The Colorado School of Mines will develop a hybrid power generation system that leverages a pressurized, intermediate-temperature solid oxide fuel cell (SOFC) stack and an advanced low-energy-content fuel internal combustion (IC) engine. The custom-designed, turbocharged IC engine will use the exhaust from the anode side of the SOFC as fuel and directly drive a specialized compressor-expander that supplies pressurized air to the fuel cell. High capital costs and poor durability have presented significant barriers to the widespread commercial adoption of SOFC technology. In part, these challenges have been associated with SOFC high operating temperatures of 750-1000°C (1382-1832°F). This team will use a robust, metal-supported SOFC (600°C or 1112°F) technology that will provide greater durability, better heat management, and superior sealing over standard ceramic-supported SOFC designs. The modified diesel IC engine in a hybrid system provides a low-cost, controllable solution to use the remaining chemical energy in the fuel cell exhaust. The system will use the hot air and exhaust gases it produces to keep components running at the proper temperatures to maximize overall efficiency. The team will also develop supporting equipment, including a specialized compressor-expander and power inverter. The new system has the potential to enable highly-efficient, cost-effective distributed power generation.

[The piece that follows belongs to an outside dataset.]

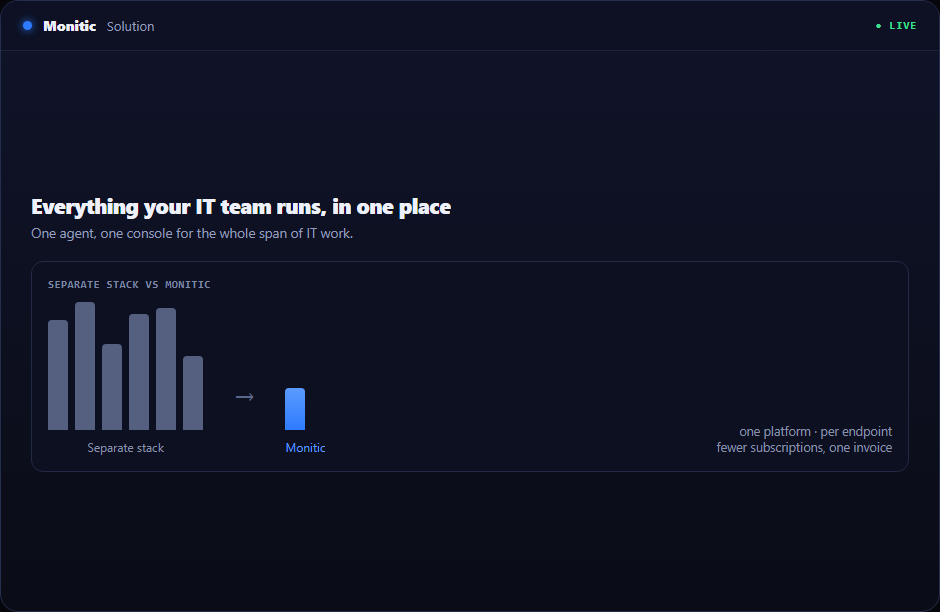 Monitic console for internal IT teams showing endpoints, tickets, and compliance together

Creare, in partnership with IMBY Energy, is developing a mass-manufacturable, recuperated, closed-loop Brayton-cycle microturbine that will provide 5 kW of electrical power for residential and commercial buildings. The waste heat from the device can be harvested for heating. Technical innovations in the system that are anticipated to enable high efficiency at an attractive cost include a diffusion bonded foil recuperator, a turbomachine with specialized hydrodynamic gas bearings, a binary working fluid mixture and flameless combustion.